篆額は漢文であるので、横書きの場合、右から左に読むことになる。右から順に第一字、第二字、‥‥‥とする。 
第一字は、「斬」の字の下に「水」を配していることから、「水」を「サンズイ」と見て、「漸」と読む。
第二字は、篆書で類似の字として「平」、「乎」、「印」があるが、上部横棒が右上がりのギリシャ文字「π」に近く、下半分は第六字の左下と同じで、篆書では「十」となることから「乎」と読む。
第三字は、「矩」の下に「木」であるから、「榘」と読む。
第四字は、そのまま「鑿」と読む。
第五字は、「実」の旧字体である「實」と読む。
第六字は、そのまま「幹」と読む。
第七字は、そのままでは類推しにくいが、「心」と読む。
第八字は、「旅」の下に「月」を配した「膂」と読む。

以上を纏めると、次のような句になる。 
「漸 乎 榘 鑿 實 幹 心 膂」
第一字から第四字までの句は、『淮南子エナンジ』の「繆稱訓 ビョウショウクン」にある 「良工漸乎榘鑿之中」と云う句から採ったと見られる。
その意味するところは、「優れた工人は、モノサシ(基準とするもの)と、ノミ(仕事を効率良く行う道具)とを用いる中で習熟するものである」と読み取れる。

参考に記すと、この句に続いて「榘鑿之中、固無物而不周、聖王以治民、造父以治馬、醫駱以治病、同材而各自取焉」とあり、「榘鑿の意味するところは、全てに共通しないものはない。

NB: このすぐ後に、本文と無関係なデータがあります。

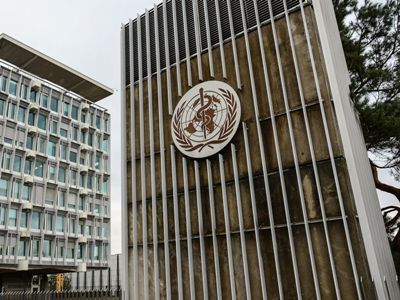 WHO says 2nd year of pandemic 'could even be tougher'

これによって聖王は人民を治め、馬の名人は馬を自由に操り、優れた医者は病気を治す。これは基本とするものは同じで、それぞれに対応させているからである。」と、輸子陽が自分の子に諭したとしている。
なお、「鑿」に代えて左扁を「尋」、右扁を「蒦」とする漢字を充てて「ものさし」を意味するとする注釈本もある。〈『淮南子(中)』〉
第五字から第八字については、その出典は明らかでないが、「幹を實するに心膂たり」と読んで、「基幹となる事業を充実させることに、心も体も全身ありたけの力を注いだ。」と解釈できる。

これを全文纏めて表現すると、次のようになる。 
「優れた工業人であった平野富二君は、その正しい実践の中から習熟し、わが国の基幹となる工業を充実させることに全身・全霊を捧げ尽くした。」
これは、平野富二の生涯を的確に言い現わした漢文句で、平野富二に贈る言葉としてこれ以上のものはないと言える。

 補遺3 福地源一郎の撰文と揮毫
[前略]
この碑文について福地源一郎[櫻痴]は、建碑式に出席し、来賓として自ら述べた祝辞の中で、その動機に触れている。やや長文であるが、次にその文[『平野富二伝』では全文紹介]を紹介する。なお、特別な場合を除き常用漢字に直した。
「 参列諸君閣下
平野富二君ノ碑ハ 今ヤ斯ノ如クニ建設セラレテ 乃スナワチ 本日ヲ以テ諸君閣下ノ参列ヲ忝カタジケナ ウシ 其除幕式ヲ挙行セラレタリ 源一郎 君ガ旧交ノ一友タルヲ以テ 茲ココ ニ発起人総代 及 委員諸君ニ対シテ 斡旋尽力ノ労ヲ敬謝シ 併セテ此建碑ニ関シテ一言セント欲ス[中略]
  明治三十七年十一月二十七日
                                                      福地源一郎敬白 」  

このように、福地源一郎が、平素は碑文の[撰ならびに書の]依頼を断っているが、敢えて平野富二のために応じた理由を述べている。つまり、
「自分は平素から常人のために碑文を作るのを好まない。それは、誰を記念する碑か漠然として知る人もなく、野草の荒れるままにその中に埋もれ、むなしく夕陽と秋風に曝されて立っている碑が多いからだ。
ところが、平野富二君は、このような人ではなく、その功業勤労が偉大であったことの事実を歴史に永く伝えるべき人で、明治工業史中に残る人です。このような歴史的人物のために碑文を記すことは、文士として光栄とするところです。」
としている。

この碑の前に立って、陰刻された碑文を読もうと思っても、変体かなに素養のない者は、最初の行から素直に読めなくなってしまう。読める句だけでも拾い読みをすれば、全体の大意は理解できるが、恐らく全文を読み通す人は殆ど居ないのではないかと思う。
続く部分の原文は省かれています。